Als je niet kunt lezen, is dat echt een handicap.
Ik weet niet of het niet kunnen lezen zonder bril dat benadert.
Ik betrapte me op de gedachte dat dat minstens zo erg is.
En misschien wel erger.

Diepvries gegeten.

Op televisie zei een vrouw dat het haar niet zoveel uitmaakte, wat ze at.
,,Al is het vijf broden en twee vissen.”
Ze stond op het punt om in Afrika goede werken te gaan verrichten.
Ik had liever de dagvangst uit de Noordzee op mijn bord gehad, dan de drab die blijkbaar – daar houd ik het maar op – te lang in de oven stond.

Op de radio hoorde ik een man – zeker vijf jaar jonger dan ik – vertellen dat hij maar op de muur hoeft te kloppen, ‘buurman, kom me helpen’ hoeft te roepen en hulp is onderweg.
Hij woont in een flat voor 50-plussers.
Ik niet.

Ik zou er zo kunnen gaan wonen.
Want is niets mis met mijn oren; ik neem de telefoon op als die nog geen fractie van een seconde heeft gerinkeld.
Ik zou er dus zo kunnen gaan wonen, want er is niets mis met mijn gehoor.

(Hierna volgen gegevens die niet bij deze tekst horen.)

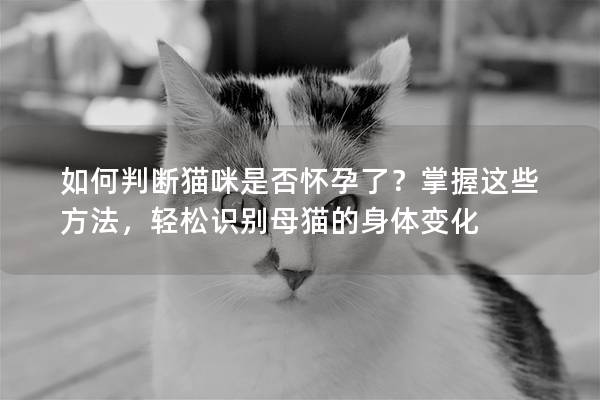 如何判断猫咪是否怀孕了？掌握这些方法，轻松识别母猫的身体变化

,,Waarom doe je dat dan niet?’’

Ik zei tegen mijn ex-schoonzuster Els Stam dat er werd aangebeld.
Dat ik haar nog wel zal bellen.

 

Tijd verdoen

16 okt

Nog niet zo lang geleden liepen mijn ex-schoonzuster Els Stam en ik op een zomerse zaterdagmiddag over de Voorstraat, toen er opeens allerlei mensen begonnen te zingen.
Het winkelend publiek bleef staan om te kijken.
Wij ook.

,,Vooruit dan maar,’’ zei Els.
Het bleek hun manier te zijn voorbijgangers uit te nodigen in het theatertje achter hen.
Els had het voor de zekerheid nog even nagevraagd; de voorstelling was inderdaad gratis.

Tien minuten later zaten we naar een leeg podium te kijken.
,,Wat denk jij?’’, fluisterde Els.
,,Moet dat stuk nog geschreven worden of zo?’’

Op dat moment kwamen vier serveersters het podium oplopen.

,,Het lijkt verdorie De Gouden Haan wel,’’ zei Els.
,,Hier ga ik mijn tijd niet aan verdoen.’’

Voor ik het wist, had ze de zaal verlaten.

We hebben daarna een mooi tochtje met de fluisterboot gemaakt.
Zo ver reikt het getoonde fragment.